その284、銀の少女
「うわ……!!」
その強烈な衝撃に、私は落下しかけた。
何とか影響力から脱して、空中に逃れる。
「お前らは、おとなしくこっちの言うことを聞いてろ」
「誰が……」
ケラケラ笑って言い放つクンバンダに、私は魔力弾を放つ。
見事、命中。
だが――
「ははは。こそばゆいね」
まともに着弾したはずなのに、相手にはまるきりダメージがない。
<高魔力検知、危険。危険。危険>
そんなこたあわかってる。って、まずいことになったな……。
まともにやりあって、どうにかなる相手だろうか?
サキュバスか…………。
敵として戦うには、ちょっとヘビーすぎる魔族だ。
「こっちは、サキュバスたちとすでに契約をしてる!」
「そりゃ別の連中さ。こっちはそんなものしてないね」
と、クンバンダたちは笑った。
「邪魔だ!」
いきなり、私は横へ突き飛ばされた。
ビルに激突しかけたところ、別のサキュバスたちが集まってくるのを見る。
瞬く間に、再びサキュバス同士が戦い始めた……。
時折魔力が下に飛んで、地面や建物を壊している。
なんて迷惑な……!
とはいえ、自分一人でどうにかできる状況ではない。
せめて、八郎くんクラスがいれば。
とはいえ、相手の――クンバンダも複数いる。
あんなのがたくさんいたんでは、あの子だって……。
私はもどかしく思いながらも、とにかく下に降りることにした。
「悪魔同士の戦争か……。資源をめぐる戦いってわけか」
上の戦闘を見上げながら、ボソリとつぶやいてみる。
一体どうしたものだろうか……?
考えても、何も浮かばない。そもそも説得できる相手ではないのだ。
弱った………………。

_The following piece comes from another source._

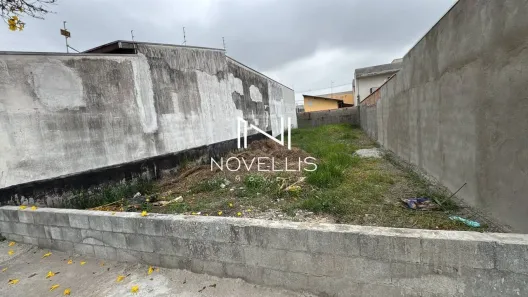 Lote/Terreno à venda, 175m² no Residencial Parque dos Sinos, Jacareí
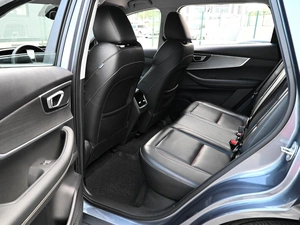 Внедорожник Chery Tiggo 7 Pro 2021 года, 1739000 рублей, Кирилловка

実に弱った……。
私が途方に暮れていると、いきなり肩を叩かれた。
なんだ!? まるで気配がなかったぞ……!?
振り返ると、そこには変な女の子が立っている。
見た感じは、異種族らしき美少女だった。
銀色の肌。ローソクのごとく白い肌。赤い瞳。しかも、猫のような縦長の瞳孔。
「誰……だ?」
「まあ、誰でもいいじゃない」
「悪いけど、ちょっとのんびりできない状況何で……」
言いかけた時、私は絶句した。
周りが暗い。自分と、銀の少女以外真っ暗闇だ。何も見えない。
上で響いていたサキュバスたちの声も、魔力も感じ取れなかった。
これは、空間が違っている? いつの間に……!!
なんなんだ、こいつ……。
私は何とも薄気味悪いものを感じながら、少女を見た。
「あんたと話がしたい、と思ってね」
少女は慣れ慣れしく言って、笑った。
人間じゃない、ダークエルフやサキュバスとも違う、妖しい笑み……。